Google Maps affichera, à la fois dans son moteur de recherche et dans son application de localisation, les cliniques et les hôpitaux qui pratiquent des avortements aux États-Unis.

Cette nouvelle fonctionnalité intervient à un moment où plusieurs États restreignent l’accès à la pratique, à la suite d’une décision de la Cour suprême et de l’abrogation des protections fédérales pour le droit à l’avortement, qui a déjà laissé plus de 20,9 millions de femmes en âge de procréer sans accès à la procédure.

Dans un communiqué, la société a expliqué que ces lieux apparaîtront spécifiquement étiquetés comme des centres d’avortement lorsque l’utilisateur recherchera des « cliniques d’avortement près de chez moi ».

Les résultats ne montreront que les centres qui pratiquent réellement des avortements, avec confirmation préalable de Google. S’il n’y a pas de cliniques à proximité de l’utilisateur, il sera suggéré d’élargir le rayon de recherche.

Selon des rapports récents, la recherche sur Google de centres d’avortement a renvoyé les utilisateurs vers des endroits qui leur ont fourni de fausses informations sur la procédure, voire des cliniques anti-avortement.

Cela relève de la décision de la Cour suprême des États-Unis qui a poussé la plupart des cliniques à cesser de fournir ces services. Restant à la discrétion de chaque Etat la réglementation contre l’avortement.

Ainsi, dans les États conservateurs du Texas, de l’Idaho et du Tennessee, ils ont déjà commencé à appliquer des lois qui interdisent presque complètement l’avortement et, dans certains cas, établissent des peines allant jusqu’à la prison à vie pour les médecins qui le pratiquent.
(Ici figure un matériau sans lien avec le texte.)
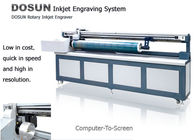 Grabador rotatorio industrial del chorro de tinta de Digitaces de la materia textil, máquina de grabado de la pantalla del chorro de tinta de la Ordenador-a-pantalla
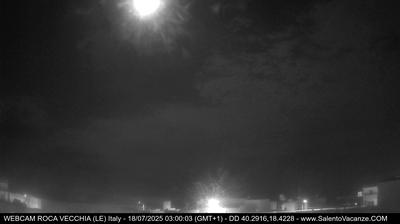 immagine della webcam nei dintorni di Santa Cesarea Terme: webcam Roca Vecchia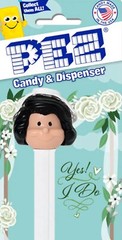 New PEZ Bride & Groom “Yes I Do”Dispensers Set 6👇Read Description/Shipping👇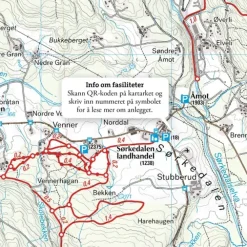 Oslo Nordmarka sør Calazo Løypekart 1:20 000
En revanche, dans l’État du Dakota du Nord, le juge Bruce Romanick a bloqué la loi qui interdirait la procédure un jour avant son entrée en vigueur, en accord avec la clinique d’avortement qui a déposé la plainte contre l’État et bloqué l’entrée en vigueur de loi pendant que l’affaire est résolue en faisant valoir qu’un « préjudice important » en résulterait autrement pour les plaignants.